- EUR/USD snaps four-day losing streak as Trump warns of “massive tariff increases” against China, triggering US Dollar selloff.
- Macron reappoints Lecornu as PM, pledging to end political chaos and deliver France’s 2026 budget.
- Euro gains are capped by weak Eurozone data and lingering investor caution amid the government shutdown in the US.
The EUR/USD pair recovers some ground on Friday, climbing above 1.1600 as the Greenback plunges, driven by an escalation of the trade war between the US and China. However, gains seem capped by the political turmoil and weaker-than-expected data in the Eurozone (EZ). The pair trades at 1.1606, up 0.37% at the time of writing.
Dollar slumps on renewed tariff threats; France’s leadership reset relieved Euro’s bulls
On Friday, the Euro (EUR) recovered after four days of consecutive losses, despite the ongoing political turmoil in France. Recently, the French President Emmanuel Macron reappointed Se´bastien Lecornu as Prime Minister, after he quit the job earlier this week.
Lecornu accepted Macron’s offer and posted on his X.com account that he will “do everything possible to provide France with a budget by the end of the year and to address the daily life issues of our fellow citizens.” He added that “We must put an end to this political crisis that exasperates the French people and to this instability that is harmful to France’s image and its interests.”
The Euro advanced as a relief, underpinned by US Dollar weakness. The Greenback depreciated following Trump’s threats to impose “massive increase of tariffs” on China, pointing to the recent hostile export controls on rare-earth minerals.
Data-wise, the University of Michigan (UoM) revealed that Consumer Sentiment held steady in October, despite the US government shutdown and concerns about the labor market and inflation.

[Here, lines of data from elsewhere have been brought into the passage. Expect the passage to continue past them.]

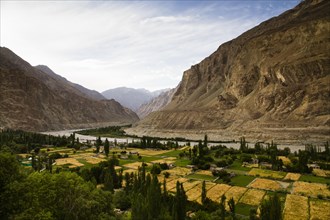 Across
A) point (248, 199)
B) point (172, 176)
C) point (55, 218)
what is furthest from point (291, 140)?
point (55, 218)

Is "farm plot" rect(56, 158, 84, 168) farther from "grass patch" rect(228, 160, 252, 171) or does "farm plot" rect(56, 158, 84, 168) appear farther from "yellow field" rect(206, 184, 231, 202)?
"yellow field" rect(206, 184, 231, 202)

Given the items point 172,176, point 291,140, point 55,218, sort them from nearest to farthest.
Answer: point 55,218 → point 172,176 → point 291,140

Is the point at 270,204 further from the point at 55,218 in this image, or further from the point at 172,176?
the point at 172,176

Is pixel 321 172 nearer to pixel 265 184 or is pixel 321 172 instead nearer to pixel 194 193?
pixel 265 184

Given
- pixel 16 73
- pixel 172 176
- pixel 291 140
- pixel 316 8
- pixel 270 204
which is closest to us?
pixel 270 204

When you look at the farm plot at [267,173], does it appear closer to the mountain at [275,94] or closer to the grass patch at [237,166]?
the grass patch at [237,166]

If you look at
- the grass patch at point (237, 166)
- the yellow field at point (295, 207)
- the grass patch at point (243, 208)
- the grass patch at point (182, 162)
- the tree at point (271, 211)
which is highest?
the tree at point (271, 211)

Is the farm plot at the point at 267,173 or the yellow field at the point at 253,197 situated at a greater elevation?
the farm plot at the point at 267,173

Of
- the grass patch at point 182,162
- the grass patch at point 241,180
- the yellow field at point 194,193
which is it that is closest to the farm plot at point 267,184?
the grass patch at point 241,180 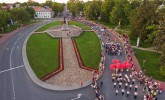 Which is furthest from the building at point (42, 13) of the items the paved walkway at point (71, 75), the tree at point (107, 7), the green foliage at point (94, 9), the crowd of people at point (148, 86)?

Daily market movers: EUR/USD advances, despite Fed’s hawkish comments
- The US Dollar Index (DXY), which tracks the performance of the buck’s value against a basket of six currencies, slides 0.52% down to 98.87.
- The UoM Consumer Sentiment eased slightly to 55 from 55.1, exceeding forecasts for a deeper deterioration. The poll showed that sentiment declined amongst Democrats. Overall, consumers were pessimistic about future personal finances, and conditions for buying durable goods were unfavorable. The same survey showed that inflation expectations for one year edged lower from 4.7% to 4.6%, and for a five-year period steadied at 3.7%.
- St. Louis Fed President Alberto Musalem said the central bank’s dual mandate is facing strain, with inflation still elevated while the labor market shows signs of softening. He noted that policy currently sits between “modestly restrictive and neutral,” but reiterated that overall financial conditions remain accommodative.
- Money markets are fully pricing in a 25-basis-point rate cut at the Fed’s October 29 meeting, with odds at 94%, according to the Prime Market Terminal probability tool.
Technical outlook: EUR/USD recovers 1.1600, poised to consolidate
EUR/USD slipped into a short-term bearish bias after breaking below the 100-day Simple Moving Average (SMA) at 1.1633 and the 1.1600 handle. The Relative Strength Index (RSI) is trending toward the neutral 50 line, signaling that selling momentum is fading.
Immediate support emerges at 1.1550, followed by 1.1500. A break below these levels would expose the August 1 cycle low near 1.1391. On the upside, resistance sits at 1.1650 and 1.1700. A sustained move above 1.1700 would open the door to 1.1800 and the July 1 high at 1.1830.